Polyester fiber (also known as PET) is a condensed polymer of terephthalic acid (PTA) and ethylene glycol (EG). Through the esterification and condensation reaction of PTA and EG, a polymer compound called polyethylene terephthalate (PET) is produced. Its molecular structure formula is shown in Figure 1-1.

Figure 1-1 Schematic diagram of polyester molecular structure formula

The molecular structure of polyester is mainly composed of a rigid benzene ring and a flexible fatty hydrocarbon group, where the ester group forms a rigid conjugated system with the benzene ring, restricting the free rotation of the flexible fatty hydrocarbon group. Therefore, polyester fibers exhibit high melting points, high rigidity, and high strength, and are widely used in various fields. The symmetrical structure of polyester molecules enables various functional groups to be arranged neatly on both sides of the molecule, resulting in a high degree of geometric regularity and good crystallization tendency of the molecular structure. Because its molecular structure does not contain any other polar groups, only one hydroxyl group at each end, polyester fibers have high crystallinity and strong surface inertness, making it difficult to form a highly adhesive interfacial layer with the resin matrix, which limits their composite with other materials.

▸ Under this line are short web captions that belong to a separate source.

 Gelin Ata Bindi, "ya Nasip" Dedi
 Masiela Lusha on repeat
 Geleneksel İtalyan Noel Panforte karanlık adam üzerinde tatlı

Due to the regular molecular structure, high crystallinity, smooth fiber surface, and poor wettability with resin, polyester is difficult to mechanically interlock with the resin matrix. In addition, there are only hydroxyl groups at both ends of the molecular chain in macromolecules, and no other polar groups, resulting in strong surface inertness. Therefore, surface modification is necessary. Plasma surface treatment can improve its surface properties.

Plasma surface treatment

Plasma is a non condensed state system produced by ionizing gas under specific conditions, which can be understood as an excited gas. It contains stripped electrons, ions with opposite charges, and excited atoms, and still exhibits neutrality as a whole.

Plasma surface modification material technology is one of the earliest techniques for preparing materials using plasma. It is a plasma treatment of the shallowest surface of the material. Due to the higher energy of plasma compared to chemical bonds, it can cause etching, cross-linking, chemical modification, and other effects on the surface of the material.

Low temperature plasma treatment of polyester fibers is a relatively environmentally friendly technology. Its principle is that low-temperature plasma discharge generates high-energy particle flow. On the one hand, high-energy particles can change the roughness of the fiber surface, increase its surface energy and hydrophilicity, thereby improving the fiber's wetting performance; On the other hand, high-energy particles can initiate grafting reactions or chemical bond breaks on the surface of fibers, introducing new active groups and improving adhesion.

The advantages of using plasma to treat polyester fiber materials mainly include: (1) the treatment belongs to a dry process, which does not require the treatment of waste liquid and gas, saves energy, and has low pollution, which is conducive to environmental protection; (2) The treatment only involves the surface layer (tens to thousands of angstroms) and does not affect the inherent properties of the substrate; (3) Efficient, with short processing time (seconds to minutes). As an environmentally friendly process, plasma treatment is becoming increasingly popular in changing the surface properties of polymers.